(DATA TO EXAMINE Opens)

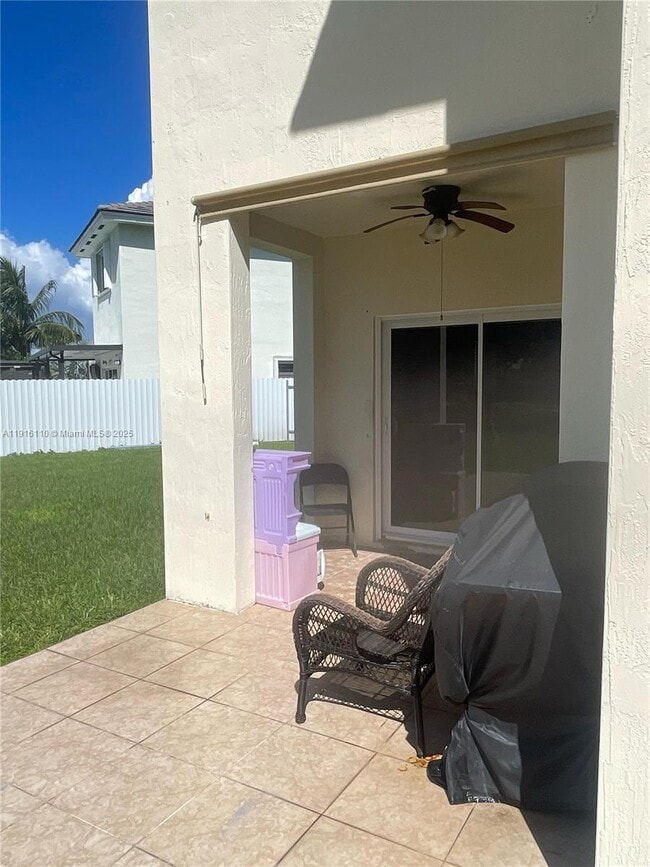 Building Photo - 3102 NE 3rd Dr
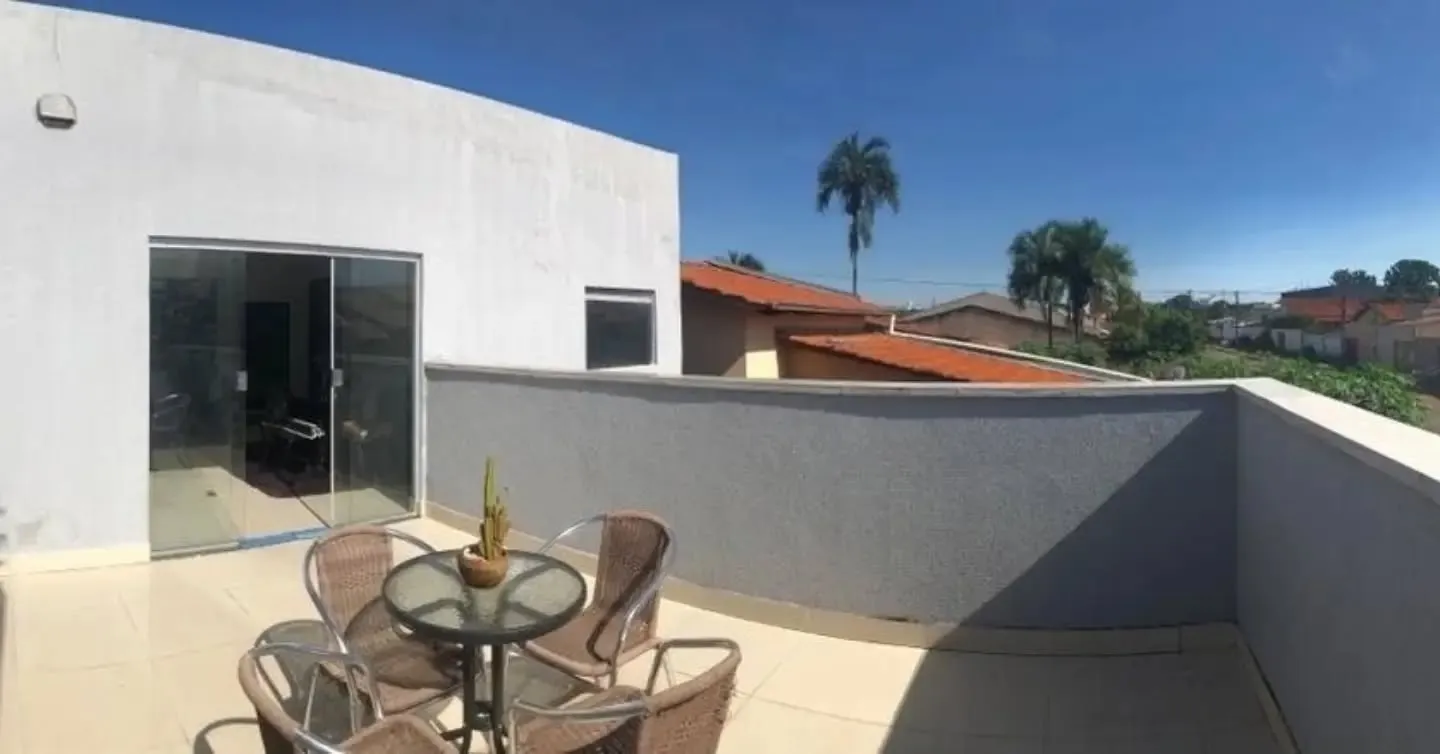 Imagem Casa 4/4 Sendo 1 Suite No Parque Trindade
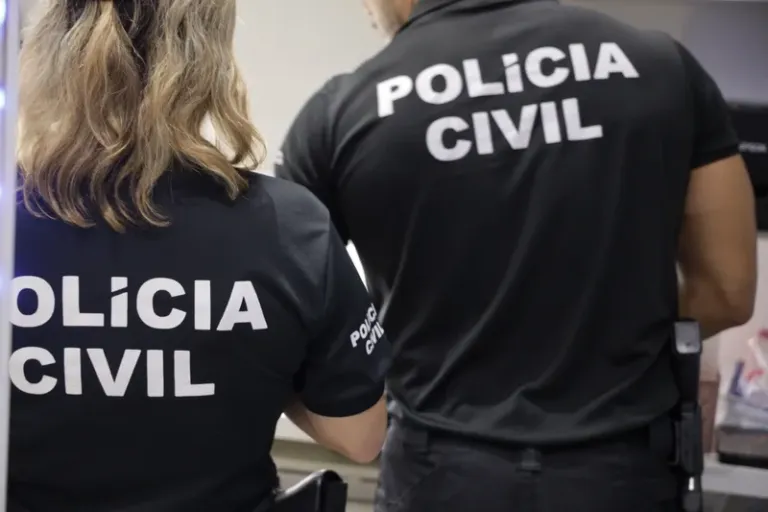 Celular de turista paranaense é recuperado pela Deltur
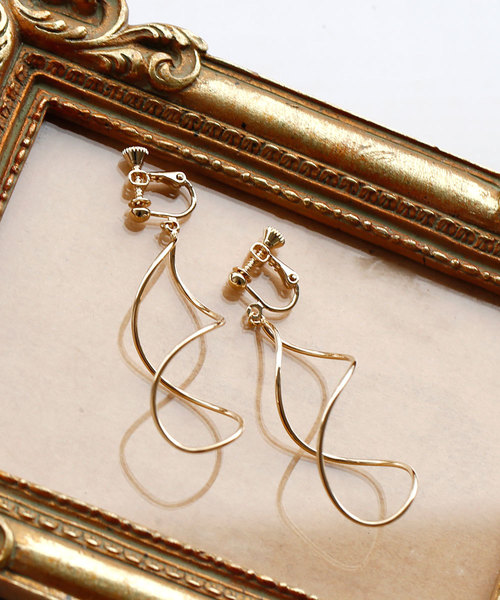 colleca la（コレカラ）の「ツイストフレームのフックピアス・イヤリング（ピアス（両耳用）・レディース・A/B/C/D・FREE）」の4枚目の写真
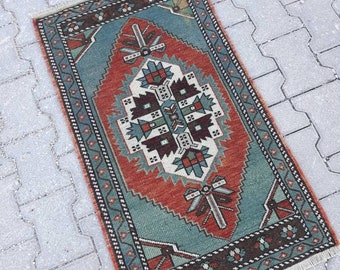 Turkish Vintage Oushak Small Rug, Yastık, Rustic Rug, Mini Decor Rug, Welcome Rug, Doormat, Handmade Kilim, Kilim, Cotton Rug 3'3" x 1'9"ft
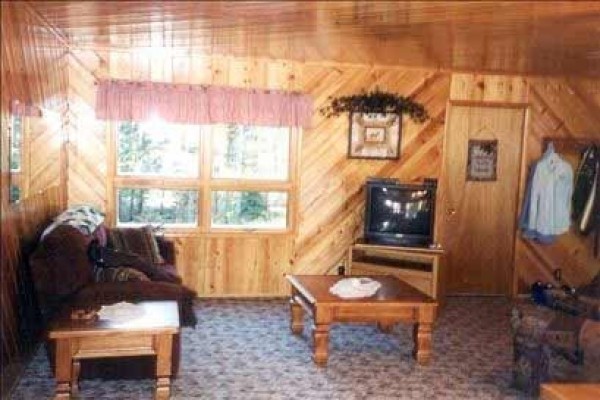 [Image: Horsehead Lake Retreat (Special Rates 1st 2-Weeks in June) Call 414-378-7273)]
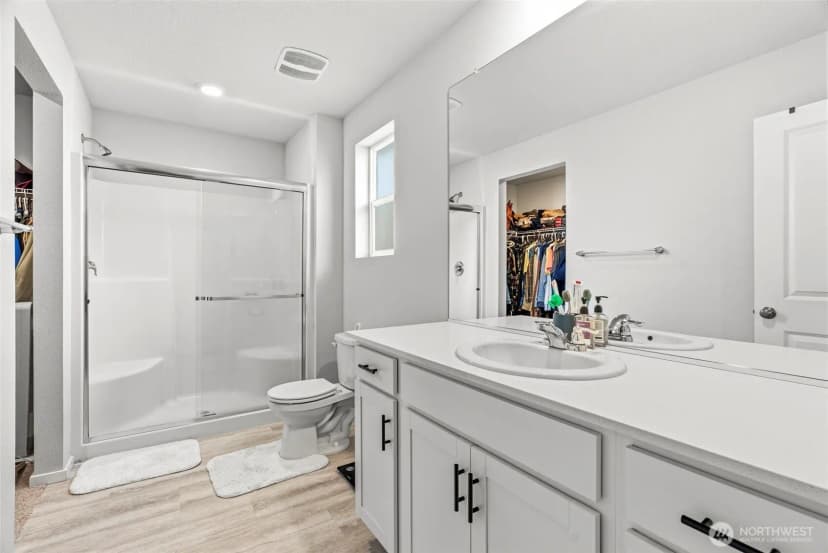 Property photo for 1715 W 14th Street, La Center photo 21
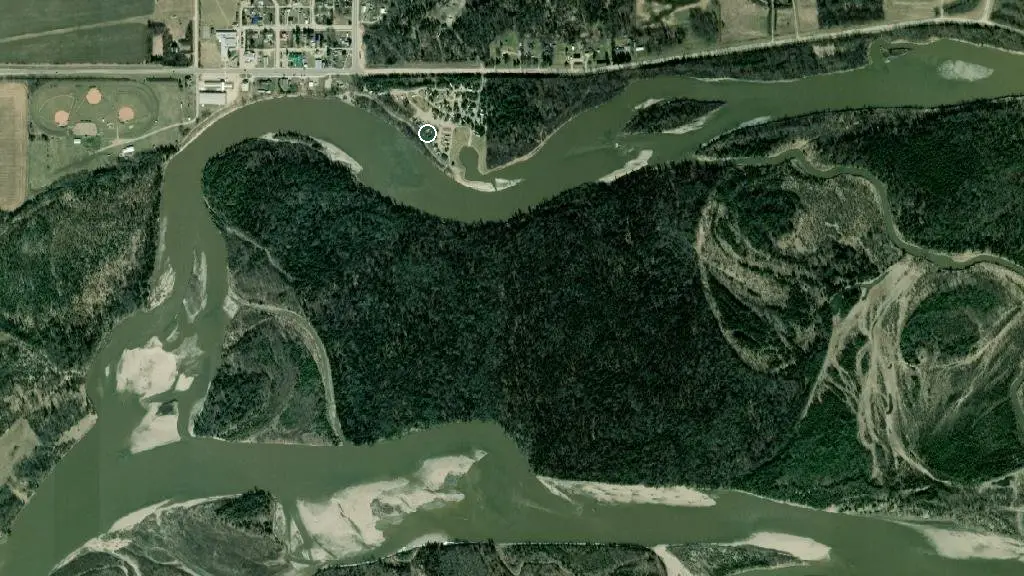 Aerial view of Woodlands RV Park & River Marina and surroundings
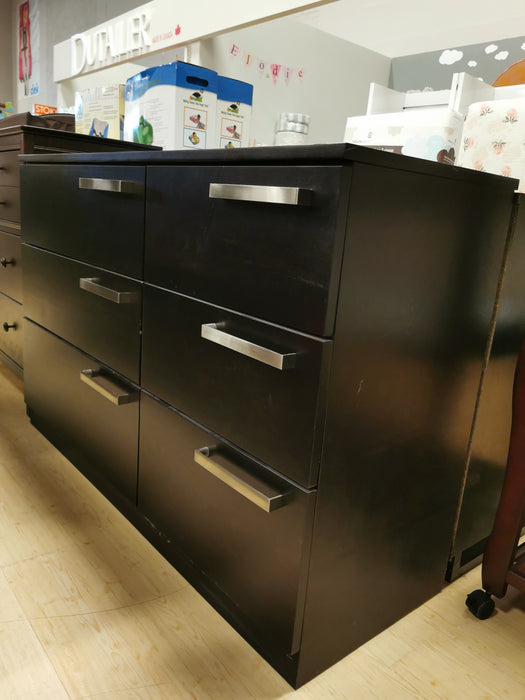 AP Industry Dresser (Markham Floormodel/ IN STORE PICK-UP ONLY)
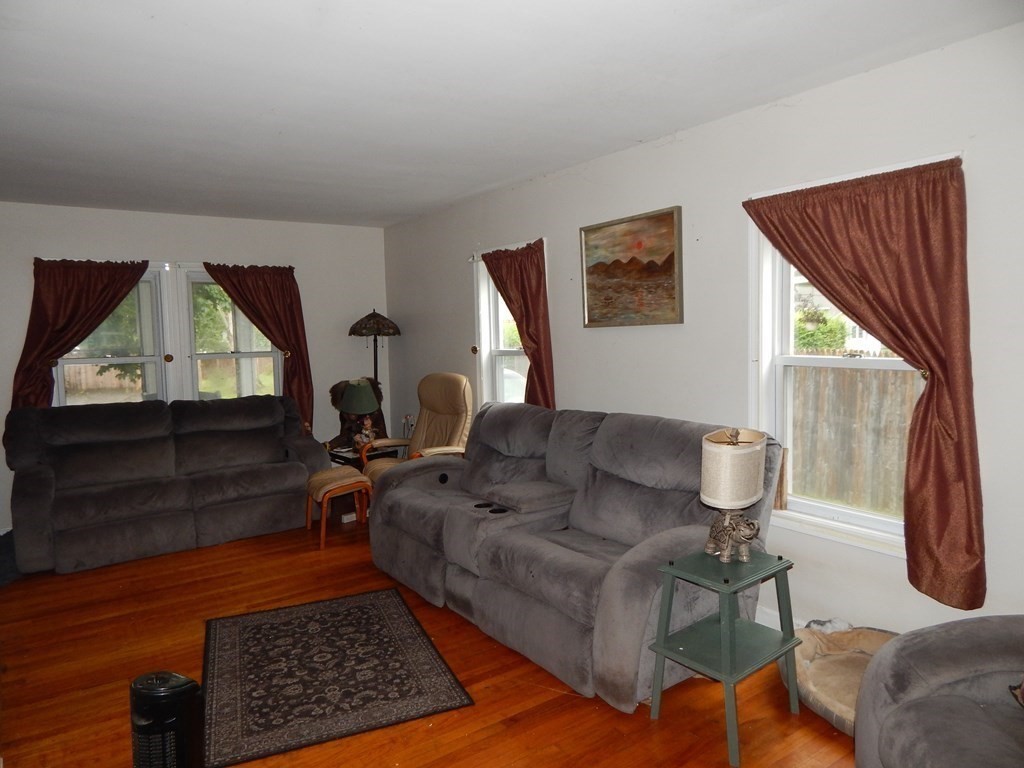 12 Maple Street Townsend, MA 01469 - Photo 6 of 21 Gallery Image 6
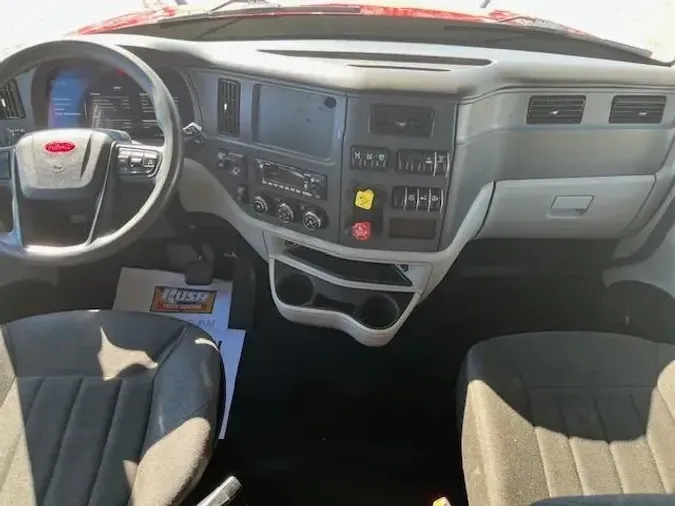 2022 Peterbilt 579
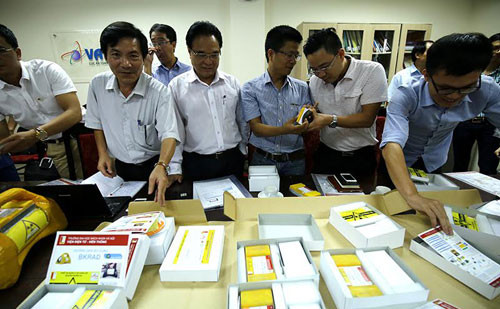 Picture 1 of Vietnam manufactures equipment to monitor mobile radioactive sources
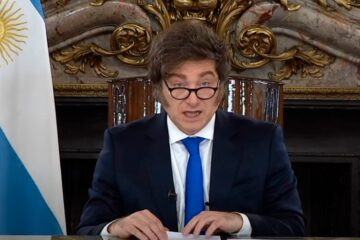 Javier Milei insiste en que el aumento del dólar no afectará la inflación y cita a teóricos de la economía.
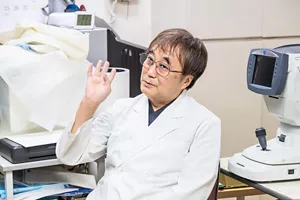 「目の疲れに関する質問」に回答している森岡 清史さんの写真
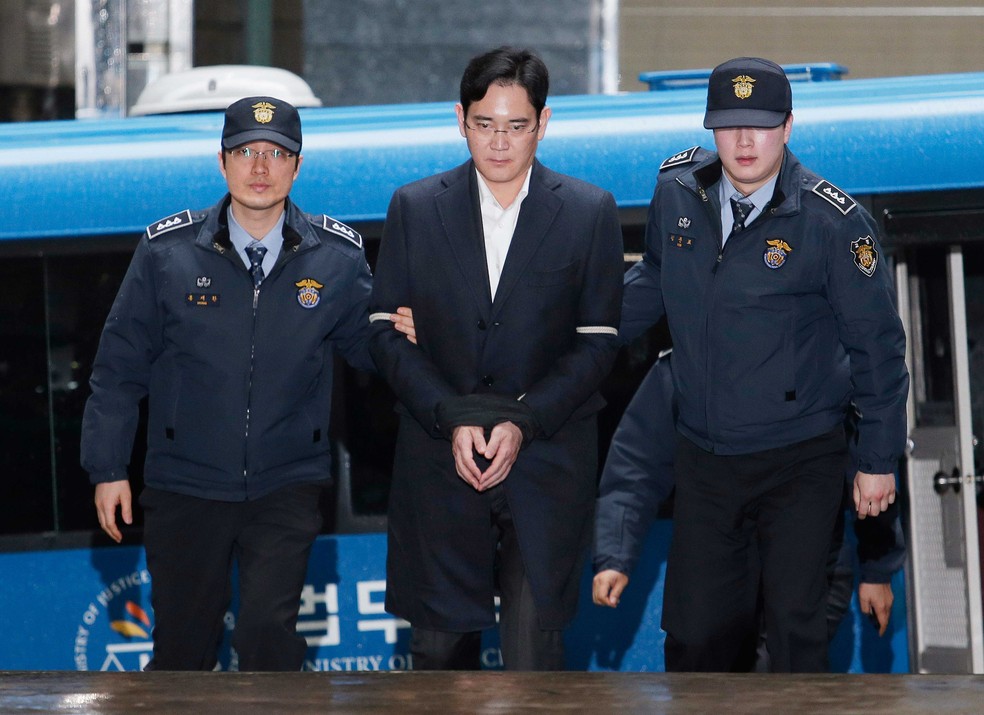 Em imagem de arquivo de 22 de fevereiro, presidente do Grupo Samsung, Lee Jae-yong, chega a escritório do conselho independente em Seul, Coreia do Sul (Foto: Ahn Young-joon/ AP)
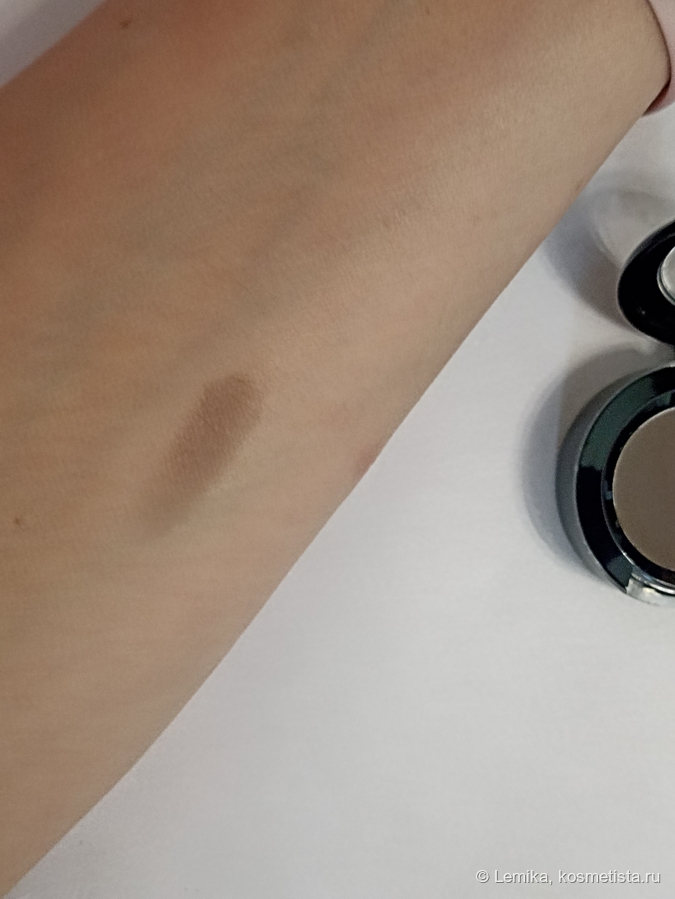 При искусственном освещении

(DATA TO EXAMINE Closes)

### ACTION ITEM
Reproduce only the lines from the line with "Picture 1 of" to the end of the entries. Keep both ends, copy them exactly, and omit every picture.

### THE COMPLETED TASK
 Picture 1 of Vietnam manufactures equipment to monitor mobile radioactive sources
 Javier Milei insiste en que el aumento del dólar no afectará la inflación y cita a teóricos de la economía.
 「目の疲れに関する質問」に回答している森岡 清史さんの写真
 Em imagem de arquivo de 22 de fevereiro, presidente do Grupo Samsung, Lee Jae-yong, chega a escritório do conselho independente em Seul, Coreia do Sul (Foto: Ahn Young-joon/ AP)
 При искусственном освещении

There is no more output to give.